* **Activity**
Transcribe the listing verbatim, please, with images dropped.

=-=-=-=-=

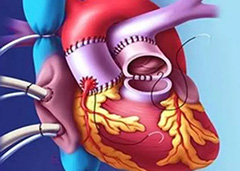 Circulation：经心尖（TA）或经股动脉（TF）经导管主动脉瓣置换术的临床疗效比较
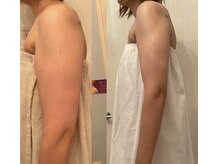 メゾン アンジュ(Maison Ange)/二の腕4回目／レモンピール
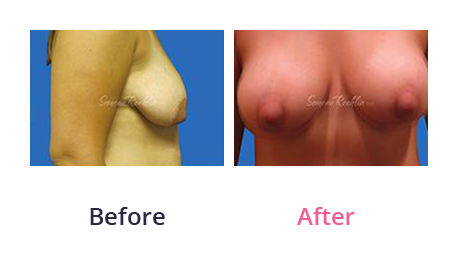 Mommy Makeover img (70)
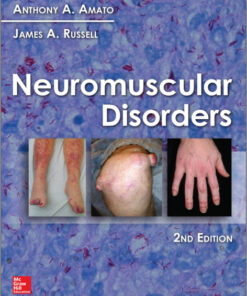 Neuromuscular Disorders, 2nd Edition 2nd Edition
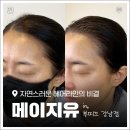 더 부띠끄 강남점 | 강남 헤어라인 반영구 잘하는 곳 '메이지유 부띠끄 강남점' 상세후기 및 통증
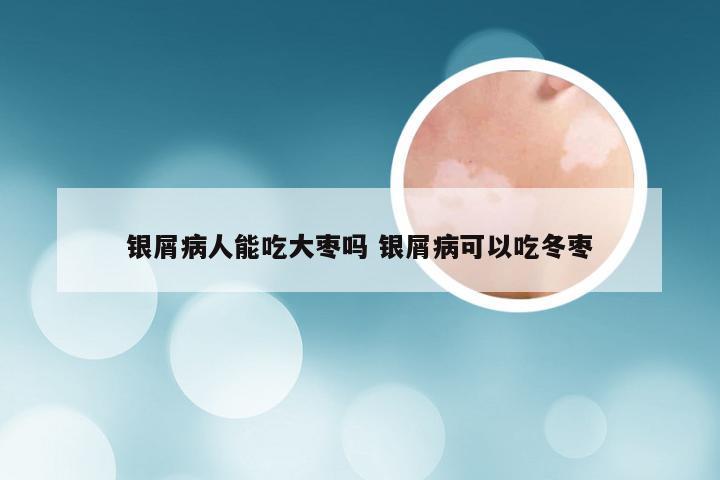 银屑病人能吃大枣吗 银屑病可以吃冬枣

=-=-=-=-=

* **Task response**
 Circulation：经心尖（TA）或经股动脉（TF）经导管主动脉瓣置换术的临床疗效比较
 メゾン アンジュ(Maison Ange)/二の腕4回目／レモンピール
 Mommy Makeover img (70)
 Neuromuscular Disorders, 2nd Edition 2nd Edition
 더 부띠끄 강남점 | 강남 헤어라인 반영구 잘하는 곳 '메이지유 부띠끄 강남점' 상세후기 및 통증
 银屑病人能吃大枣吗 银屑病可以吃冬枣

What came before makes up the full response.